Which means that the issue is not simply a matter of the lack of
synchronization between different I/O space accesses, so most likely
the problem lies deeper.

Let me summarize what we've learned so far (and expand the CC list somewhat).

For those who have not seen the previous discussion, it is at:

https://lore.kernel.org/lkml/CAGAxtY2SEkx7OgMgM5ypA8qsBN0h6pcs111VjnhD-5ZGq7Je6Q@xxxxxxxxxxxxxx/#r

1. The issue is basically that the platform locks up completely when
the power button is pressed

This is reproducible 100% of the time.

The power button processing flow is that, if the power button event is
enabled in the ACPI PM1_ENABLE register, pressing the button causes
the corresponding status bit in the ACPI PM1_STATUS register to be
set, which in turn causes an ACPI interrupt (SCI) to trigger (both
PM1_STATUS and PM1_ENABLE registers are accessible through the I/O
address space).

The SCI processing involves reading both the power button status and
enable bits and clearing the former if set (this needs to be done or
an interrupt storm would start if the status bit was not cleared).

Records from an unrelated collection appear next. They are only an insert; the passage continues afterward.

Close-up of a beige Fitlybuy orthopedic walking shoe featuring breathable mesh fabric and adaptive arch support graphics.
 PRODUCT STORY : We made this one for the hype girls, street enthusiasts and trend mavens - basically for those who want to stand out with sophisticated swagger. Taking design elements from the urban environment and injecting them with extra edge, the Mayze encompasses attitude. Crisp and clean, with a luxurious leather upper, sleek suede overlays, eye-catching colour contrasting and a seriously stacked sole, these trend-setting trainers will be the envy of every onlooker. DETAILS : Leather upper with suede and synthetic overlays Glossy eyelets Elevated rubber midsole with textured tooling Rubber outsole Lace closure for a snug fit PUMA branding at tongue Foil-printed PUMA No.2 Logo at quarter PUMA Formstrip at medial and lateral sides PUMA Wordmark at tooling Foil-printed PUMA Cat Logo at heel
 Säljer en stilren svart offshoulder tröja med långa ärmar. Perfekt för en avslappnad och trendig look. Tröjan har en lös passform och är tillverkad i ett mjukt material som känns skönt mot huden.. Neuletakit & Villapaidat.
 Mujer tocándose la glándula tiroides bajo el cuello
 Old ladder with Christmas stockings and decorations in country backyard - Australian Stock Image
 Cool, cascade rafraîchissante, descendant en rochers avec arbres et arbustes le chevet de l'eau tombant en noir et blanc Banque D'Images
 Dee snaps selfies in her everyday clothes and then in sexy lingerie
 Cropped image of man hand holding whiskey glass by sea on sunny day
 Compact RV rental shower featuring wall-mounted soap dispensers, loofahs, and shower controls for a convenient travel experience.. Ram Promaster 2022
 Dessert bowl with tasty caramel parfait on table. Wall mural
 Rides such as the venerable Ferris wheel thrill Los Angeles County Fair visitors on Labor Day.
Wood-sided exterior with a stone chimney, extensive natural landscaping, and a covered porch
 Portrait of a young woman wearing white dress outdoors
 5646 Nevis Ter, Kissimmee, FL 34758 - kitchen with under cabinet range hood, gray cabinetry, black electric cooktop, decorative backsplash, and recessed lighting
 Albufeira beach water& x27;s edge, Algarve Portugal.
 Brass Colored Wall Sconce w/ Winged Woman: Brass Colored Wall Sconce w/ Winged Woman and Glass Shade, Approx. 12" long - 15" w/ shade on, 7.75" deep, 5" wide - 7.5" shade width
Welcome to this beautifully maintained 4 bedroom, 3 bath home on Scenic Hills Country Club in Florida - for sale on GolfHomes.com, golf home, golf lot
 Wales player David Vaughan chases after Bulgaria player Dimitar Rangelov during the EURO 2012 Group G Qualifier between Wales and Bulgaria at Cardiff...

We don't actually know which of the steps above specifically causes
the platform to lock up, but that doesn't matter too much because all
of them are necessary.

Clearing the power button enable bit in PM1_ENABLE prevents the issue
from occurring (but then the power button obviously doesn't work).

2. The issue only occurs if the schedutil cpufreq governor is used

If either the "powersave" or "ondemand" governor is used instead, the
issue doesn't appear.

Also switching over to a different cpufreq governor (on all CPUs)
before pressing the power button makes the issue go away.

3. The issue didn't occur at all before commit e37617c8e53a
("sched/fair: Fix frequency selection for non-invariant case")

Reverting the merge that introduced commit e37617c8e53a into the
mainline makes the issue go away.

4. The issue occurs regardless of how schedutil invokes the cpufreq
driver ("fast switch" vs sugov_deferred_update())

5. The cpufreq driver in question is acpi-cpufreq and it uses a
control register located in the I/O address space (the same control
register is used for all CPUs)

6. If acpi-cpufreq is not allowed to write into the control register
at all, the issue doesn't occur

7. Synchronizing all of the I/O space accesses in the ACPI-related
code (via a spinlock), including acpi-cpufreq, doesn't prevent the
issue from occurring

So overall, it looks like the control register access pattern in
acpi-cpufreq that results from schedutil's use of it after commit
e37617c8e53a somehow puts the platform into a state in which a power
button event causes it to lock up at the hardware level.

While there are a couple of things more to check, I'm afraid that
there may not be a viable way to address this issue other than
replacing the schedutil governor with ondemand on this platform.